SAFE SOFTWARE, LEGALLY LIABLE
All of these sensors and redundant processing bring
up the issue of software. The analysis and complexity
challenges are large, but they will be trivial compared to
the standardization and legal hurdles associated with
active safety.
A few standards are popular but not universally
adopted, such as AUTOSAR (AUTomotive Open System
ARchitecture). Likewise, protocols for networks like CAN
are standardized, at least at a low level, though vendor
exceptions abound.
Wireless sensors like Freescale’s MPX8300 are
embedded in a tire with the receiver in the body of
a car (see “Tires Put Pressure On RF” at www.electronicdesign.com, ED Online 16497). Unfortunately,
dissimilar radios and protocols can make it difficult to
go to the nearby auto parts store for a replacement.
The plethora of wiper blades and headlights is just a
fraction of what will occur with the inevitable increase
in sensors and associated processing systems.
In the longer term, cooperation between the vehicle
and other cars or fixed wireless information sources will
provide details that can be incorporated into the safety
system. This is already done, albeit on a limited basis,
with some GPS navigation systems that receive traffic
information via radio.
One alternative that’s been tossed around would have
cars talking to cars and sharing their environmental sensor
data with each other. This would reduce the reporting
requirements and related delays of the radio-based GPS
navigation systems in place while significantly increasing
the accuracy and timeliness of the data.
Unfortunately, this approach opens a can of legal
and standardization worms. How do you prevent invalid
information from being inserted from a third party? What
happens if an accident arises due to the exchange of
bad or insufficient data? What cars will talk to each
other? The list goes on.
Other interesting ideas hovering on the radar include
heads-up displays (HUDs) and verbal interaction. The
cost and effectiveness of these technologies aren’t
right for mass markets yet, but the same once was true
for vision systems, automatic stability control, and a
host of other features, including airbags. A HUD allows
overlays from the vision systems, enabling direct driver
feedback—and that’s only one possible use. Overlaying
building and terrain information is another.

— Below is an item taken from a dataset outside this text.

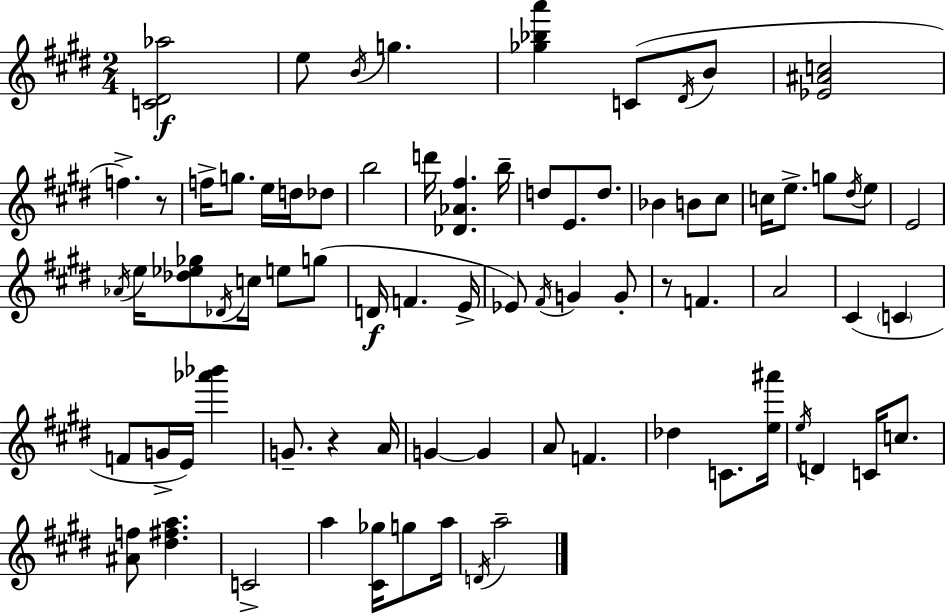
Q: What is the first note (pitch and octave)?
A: E5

Voice-activated command systems are already
common for multimedia device and climate control.
Advances in voice recognition and the ability to bring
more computing power to bear will allow this interface
methodology to improve. In turn, it will reduce the need
for drivers to interact with the car via manual controls,
thereby improving overall automotive safety.
ELECTRIC SAFETY
Hybrid and electric vehicles are becoming more prevalent,
but they add their own safety issues to the equation.

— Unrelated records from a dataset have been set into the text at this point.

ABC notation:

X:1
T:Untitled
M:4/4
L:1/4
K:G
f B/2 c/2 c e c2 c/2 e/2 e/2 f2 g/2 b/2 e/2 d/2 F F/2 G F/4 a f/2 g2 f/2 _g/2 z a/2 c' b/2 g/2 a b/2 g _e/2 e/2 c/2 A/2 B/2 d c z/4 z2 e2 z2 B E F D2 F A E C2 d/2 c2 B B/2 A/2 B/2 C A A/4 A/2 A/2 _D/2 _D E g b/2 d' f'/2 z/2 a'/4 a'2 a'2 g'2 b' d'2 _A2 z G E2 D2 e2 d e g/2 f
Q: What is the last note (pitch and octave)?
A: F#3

The primary concerns deal with high voltage and
the batteries required by the system.
Most systems employ a multicell battery pack. For
example, Tesla Motors’ Roadster has a battery pack
that incorporates more than 6000 lithium-ion (Li-ion)
cells in the 18650 form factor, weighing almost 900
pounds (Fig. 7).
The system uses multiple microprocessors and sensors
to monitor each cell as well as the battery cooling
system’s temperature. Additional sensors track the
environment and initiate a shutdown when an accident
occurs or when maintenance is required.
Popular hybrids such as the Honda Civic and the
Toyota Prius have less ambitious power systems, but
their battery sensor and control systems are no less
important (Fig. 8). Improvements in sensor technology
and price reductions in microcontrollers will allow even
safer systems to be constructed, including the cabling
and connection points.
It should be interesting to see what kinds of safety
systems next year’s car models have in store.